1900 International Lawn Tennis Challenge

Details
- Duration: 8 – 10 August 1900
- Edition: 1st
- Teams: 2

Champion
- Winning nation: United States

= 1900 International Lawn Tennis Challenge =

1900 edition of the International Lawn Tennis Challenge

The 1900 International Lawn Tennis Challenge was the first edition of what is now known as the Davis Cup.

==History==
The tournament was conceived in 1899 by four members of the Harvard University tennis team, who came up with the idea of challenging the British to a tennis competition. Once the idea received the go-ahead from the United States Lawn Tennis Association and the British Lawn Tennis Association, Dwight F. Davis, one of the four Harvard players, designed a tournament format and spent money from his own pocket to purchase an appropriate sterling silver trophy from Shreve, Crump & Low.
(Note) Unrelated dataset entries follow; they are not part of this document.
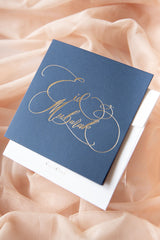 CALLIGRAPHY EID MUBARAK CARD - NAVY - Ooh Aah Invitations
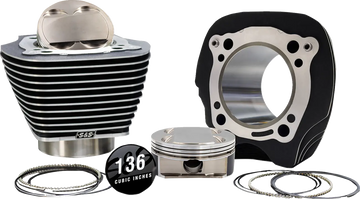 Harley-Davidson FLRT 1868 Freewheeler 114 [2025] - 132" Hochverdichtungs- / 136" Big Bore Kit – Oberfläche: Schwarz, Hervorgehobene Lamellen – Merkmal: +8,5 cm³ Kuppelvolumen – Bild 1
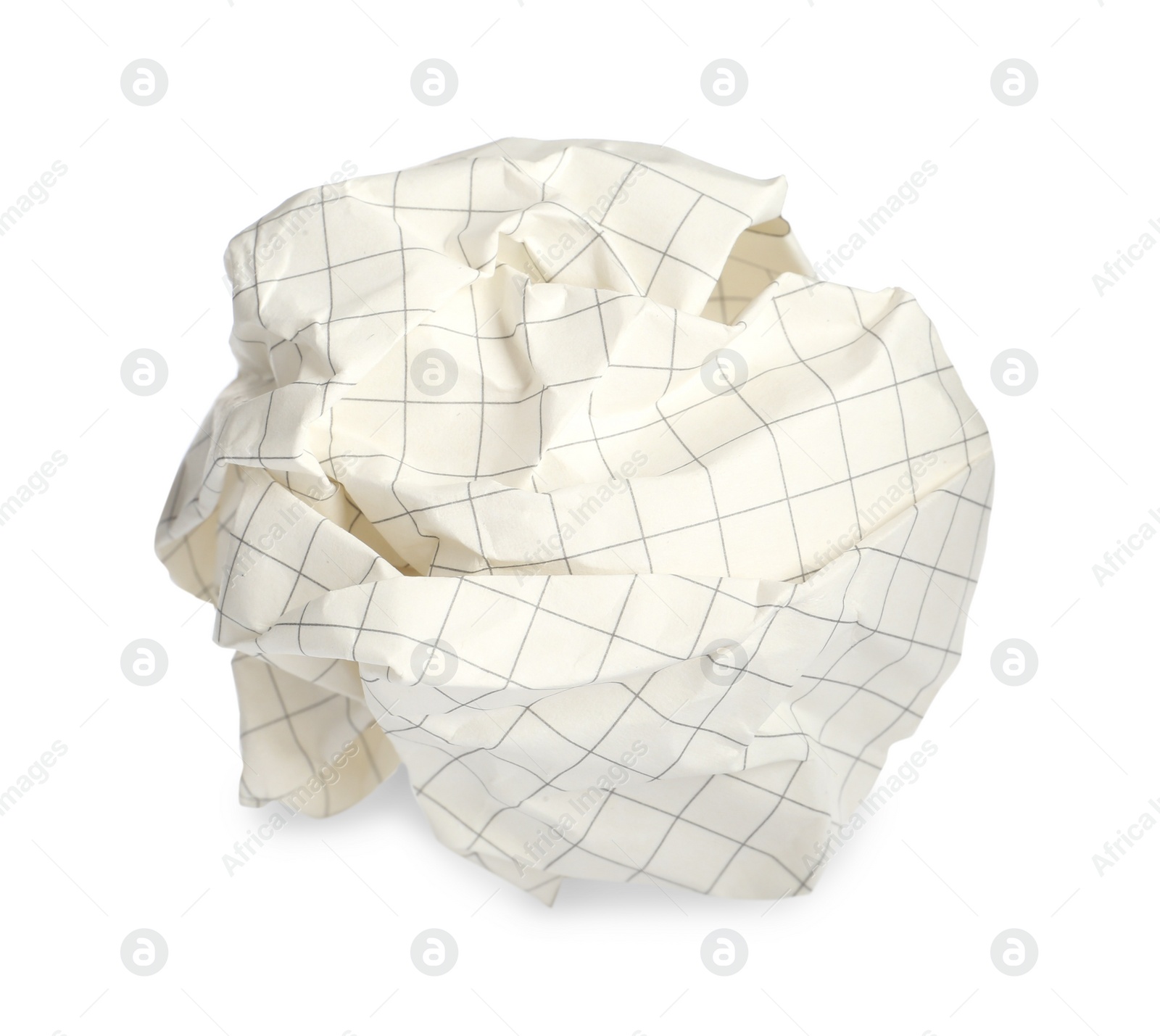 Photo of Crumpled sheet of beige paper isolated on white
The first match between the United States and the British Isles was held at the Longwood Cricket Club in Boston, Massachusetts in 1900. The American team, of which Davis was a part, won the first three matches and the Challenge.

==Teams==

===United States===
- Dwight Davis: A left-hander who possessed the twist serve, backing this up with steady ground strokes and volleys. In 1899, Davis won the Intercollegiate and US National Doubles Championships with Ward.
- Holcombe Ward: A right-hander and credited with originating the twist serve. He won the Intercollegiate and US National Doubles Championships with Davis in 1899.
- Malcolm Whitman: A right-hander who appeared in the quarterfinals of the 1896 and 1897 US National Championships and won in 1898, defeating Dwight F. Davis in the all-comers final and receiving the title because 1897 champion Robert Wrenn was fighting in the Spanish–American War. Prior to the Challenge he had placed in the U.S. Top 10 three times, and was ranked No. 1 in 1898 and 1899.

===British Isles===
- Ernest Black
- Arthur Gore: A right-hander who appeared in the semifinals of the 1898 Wimbledon Championships, the Challenge Round of the 1899 Championships - losing to Reginald Doherty - and the all-comers final of the 1900 Championships, losing to Sydney Smith.
- Herbert Roper Barrett: A right-hander who appeared in the semifinals of the 1899 Wimbledon Championships and the quarterfinals of the 1900 Championships. He also teamed with Harold Nisbet to reach the Challenge Round in the doubles at the latter Championships, losing to Laurence and Reginald Doherty.